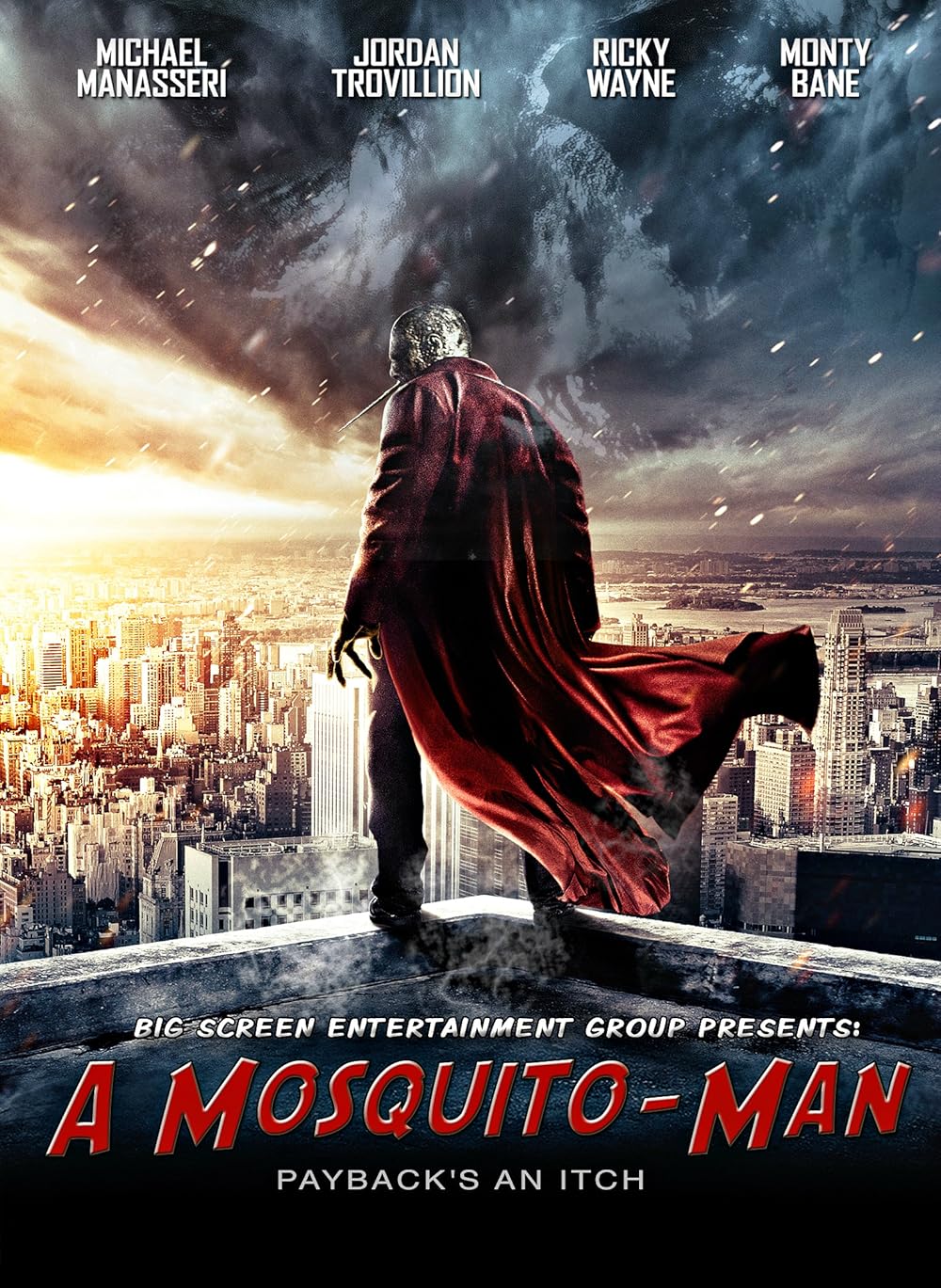 Mosquito-Man Mosquito-Man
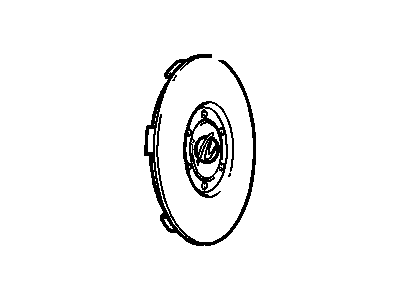 Oldsmobile 9592955 Center Cap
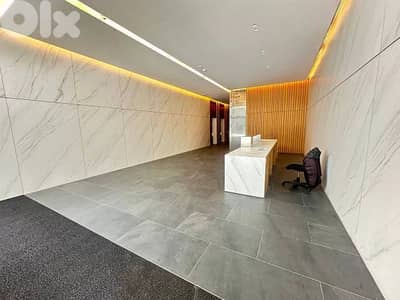 Office for rent in Waterfront Dbayeمكتب للإيجار في ضبيه MQFS2506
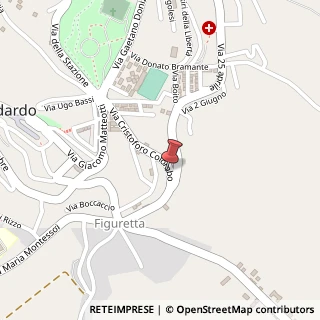 Mappa Via Cristoforo Colombo, 53, 60022 Castelfidardo, Ancona (Marche)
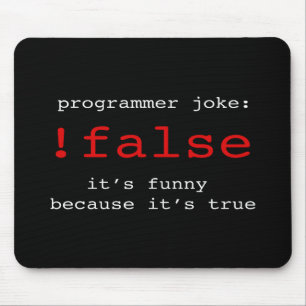 Alfombrilla De Ratón Chiste del programador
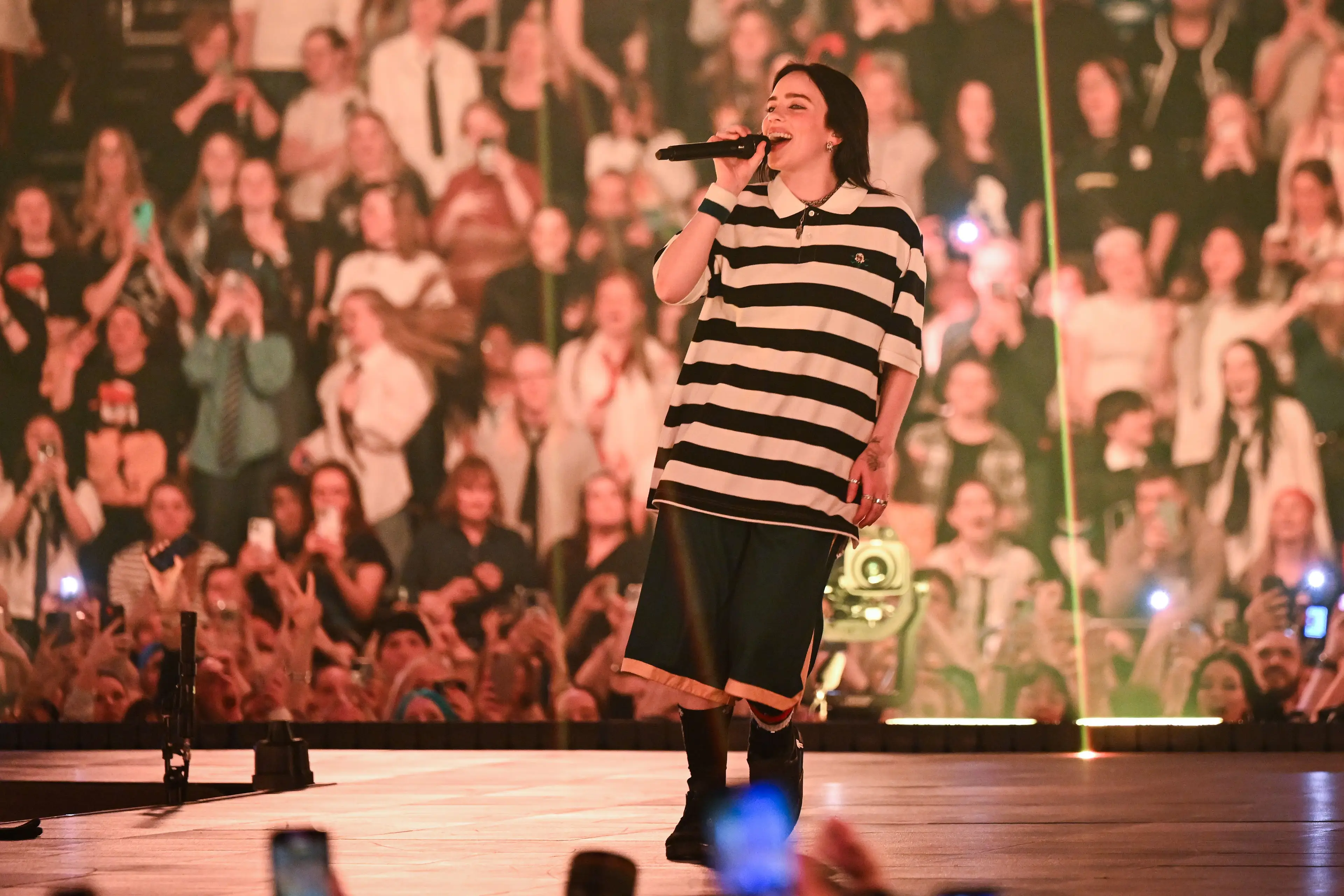 Billie Eilish is bringing her tour to the UK (Photo by Samir Hussein/WireImage for Live Nation)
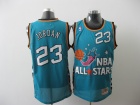 NBA all star #23 Joardan blue 1996 jerseys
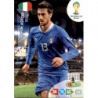 Davide Astori Italia 212 Adrenalyn XL Brasil 2014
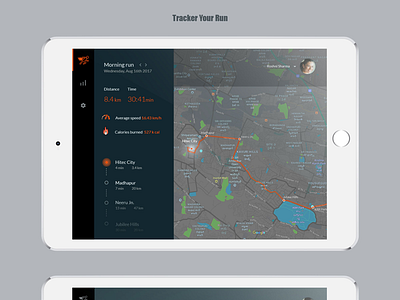 Tracker app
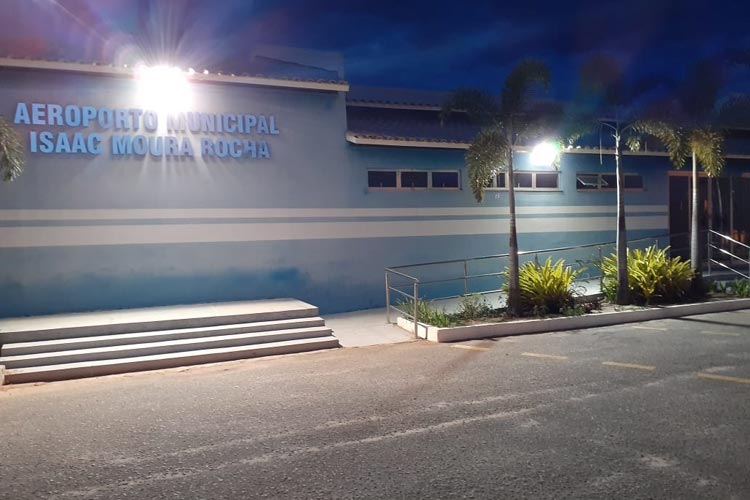 Aeroporto de Guanambi registra maior movimentação na Bahia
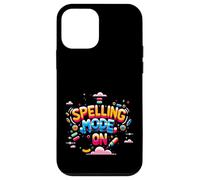 Spelling Mode On Competitive Tournament School Fun |- Carcasa para iPhone 12 Mini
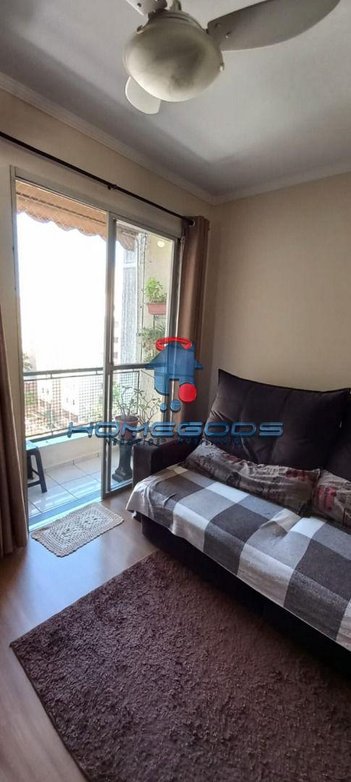 apartment em Avenida Carlos de Araújo Gobbi, Vila São Bento - Campinas - SP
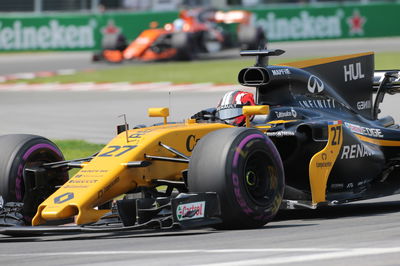 11.06.2017- Race, Nico Hulkenberg (GER) Renault Sport F1 Team RS17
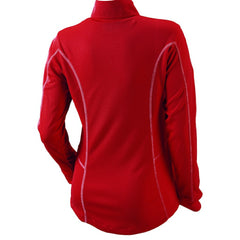 Philadelphia Phillies Columbia Women's Omni-Wick Shotgun Quarter-Zip Pullover Top - MLB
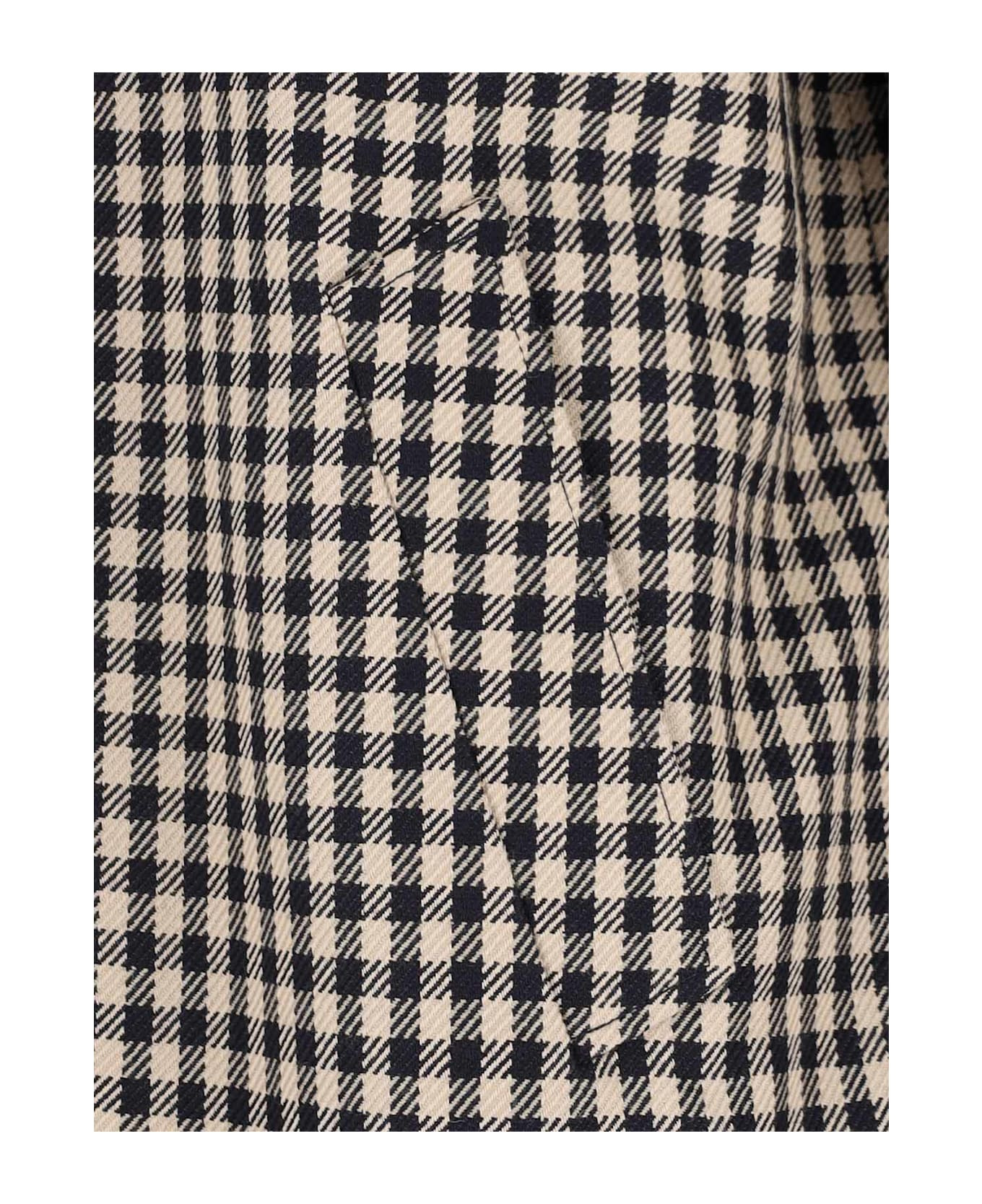 Single-breasted Coat - 4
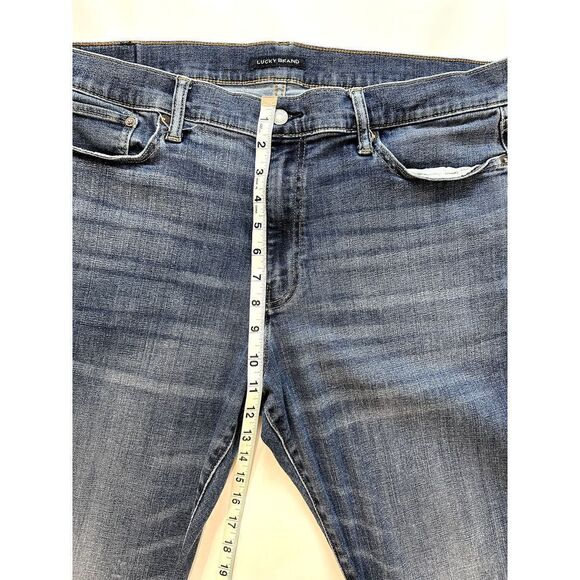 Lucky Brand Jeans 363 Vintage Straight Blue - Size 38 * 32 - Picture 4 of 11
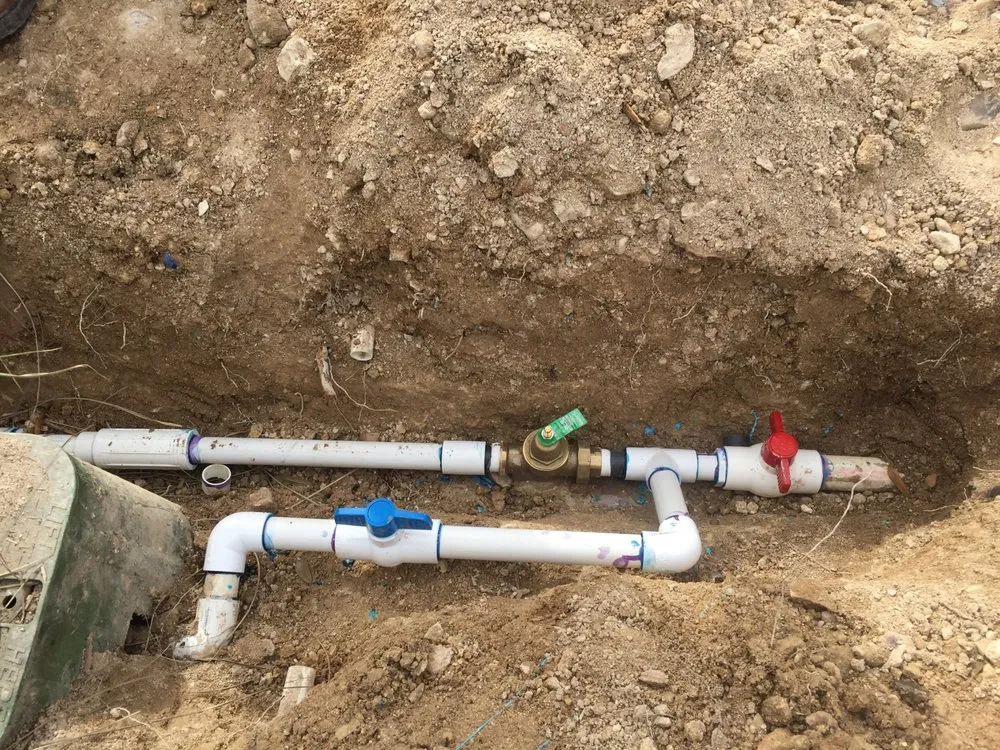 Slide of Diamond Irrigation & Backflow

= = = =

What you return must be every entry, word for word, without any pictures.

 Mosquito-Man Mosquito-Man
 Oldsmobile 9592955 Center Cap
 Office for rent in Waterfront Dbayeمكتب للإيجار في ضبيه MQFS2506
 Mappa Via Cristoforo Colombo, 53, 60022 Castelfidardo, Ancona (Marche)
 Alfombrilla De Ratón Chiste del programador
 Billie Eilish is bringing her tour to the UK (Photo by Samir Hussein/WireImage for Live Nation)
 NBA all star #23 Joardan blue 1996 jerseys
 Davide Astori Italia 212 Adrenalyn XL Brasil 2014
 Tracker app
 Aeroporto de Guanambi registra maior movimentação na Bahia
 Spelling Mode On Competitive Tournament School Fun |- Carcasa para iPhone 12 Mini
 apartment em Avenida Carlos de Araújo Gobbi, Vila São Bento - Campinas - SP
 11.06.2017- Race, Nico Hulkenberg (GER) Renault Sport F1 Team RS17
 Philadelphia Phillies Columbia Women's Omni-Wick Shotgun Quarter-Zip Pullover Top - MLB
 Single-breasted Coat - 4
 Lucky Brand Jeans 363 Vintage Straight Blue - Size 38 * 32 - Picture 4 of 11
 Slide of Diamond Irrigation & Backflow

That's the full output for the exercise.